|Sousse Medina in 2006|
The unrest in Tunisia came out of the blue, sparked by a young unemployed man who set fire to himself after being deprived by town officials from selling vegetables. Initially the protests were limited to Sidi Bouzid – a town who’s economy is based on agriculture – but these then spread before reaching their logical conclusion last week. Similar unrest has occurred in Cairo over the past couple of days, as Egyptian protesters have similarly looked to topple their dictatorship. The reason for these outbursts has been pinned on the frustration at a lack of freedom, and the excesses of the ruling classes. I suspect that there is another reason. It’s the economy stupid.

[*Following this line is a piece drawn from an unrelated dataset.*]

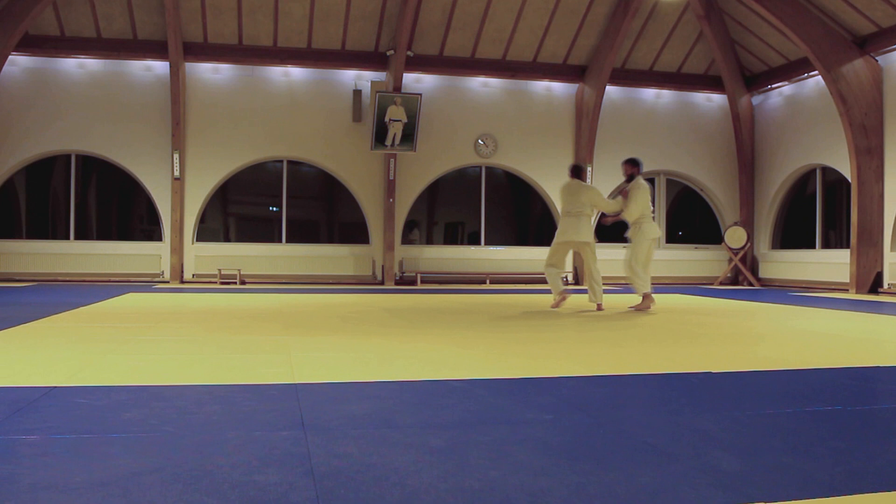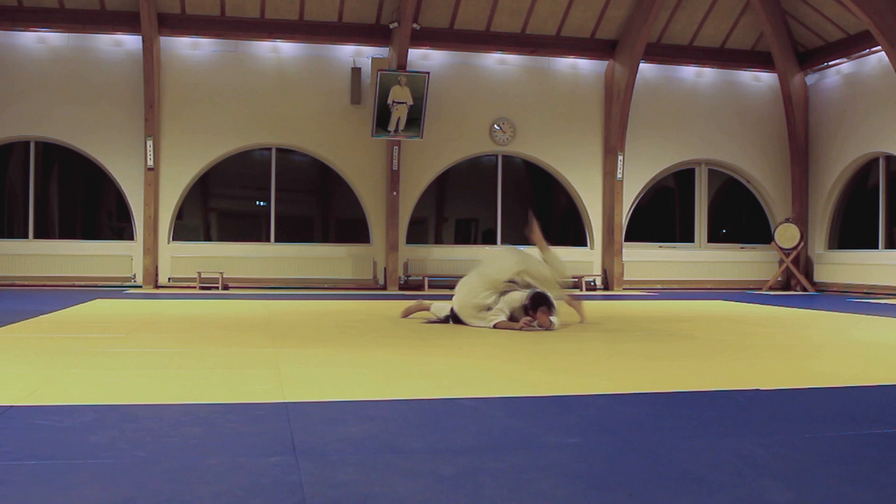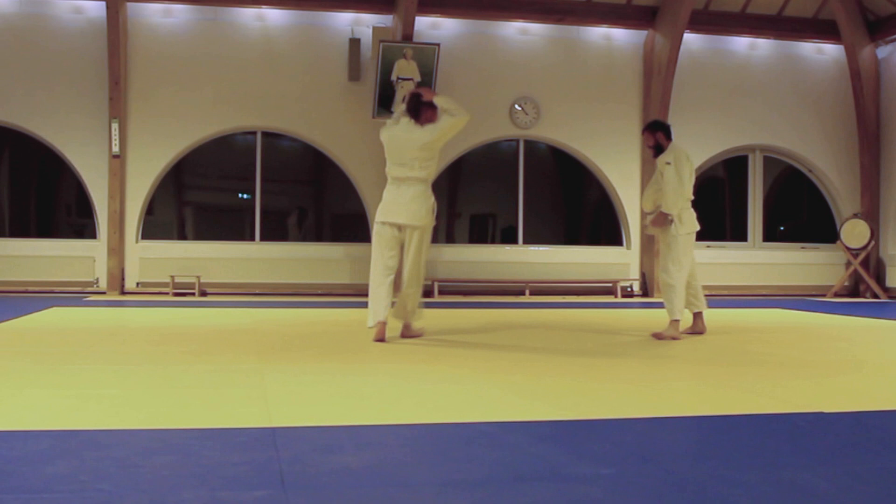Hello guys and welcome to the second part of my playful randori with my friend. So right away I start with soy nage, but because it's playful, we start just playing around and we start from the beginning.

Greece, Portugal and Spain all found themselves in difficulty last year, with Greece forced into a bale-out from the European Central Bank. All three were popular destinations for British people to go on holiday, and to put money into their economies. Assuming that each couple spends £300 when they go abroad, then each plane would bring £60,000 for the local economy. Being another popular holiday destination, Tunisia was always going to struggle with the lack of visitors to it’s country, and a diminishing flow of money into the country. Hotels have to cater for people, so less people means less food to buy which brings us back to our unfortunate vegetable seller.

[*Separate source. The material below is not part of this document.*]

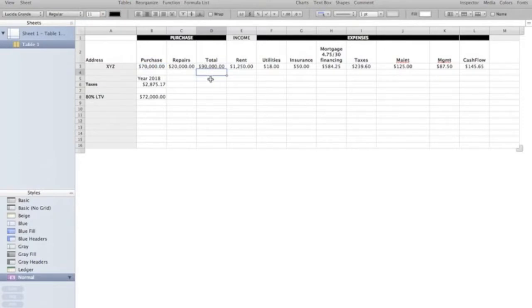Usually what will happen is the bank will make you put 20% of the purchase price down and only 10% of the construction loan, so you'd be into it for $16,000. But for our sake, let's say you had to bring 20% of the $90,000 to closing, or $18,000 of your own cash to closing. That would leave you with a loan balance from the bank of $72,000.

It’s now becoming clear that the lack of liquidity in the British economy is now having an effect on the countries that sees an influx of visitors from these shores. Glasgow Airport reported a drop in passenger numbers of 30,000 for July last year, the lowest figure in four years. The lack of liquidity is already having an effect on the UK economy, with poor growth figures showing that the Britain is tottering on the brink of a second technical recession when the hangover from the first technical recession has not abated. The problems with the British economy have shown that Boy George’s scorched earth policy is simply a non starter, and that’s before the cuts really bite.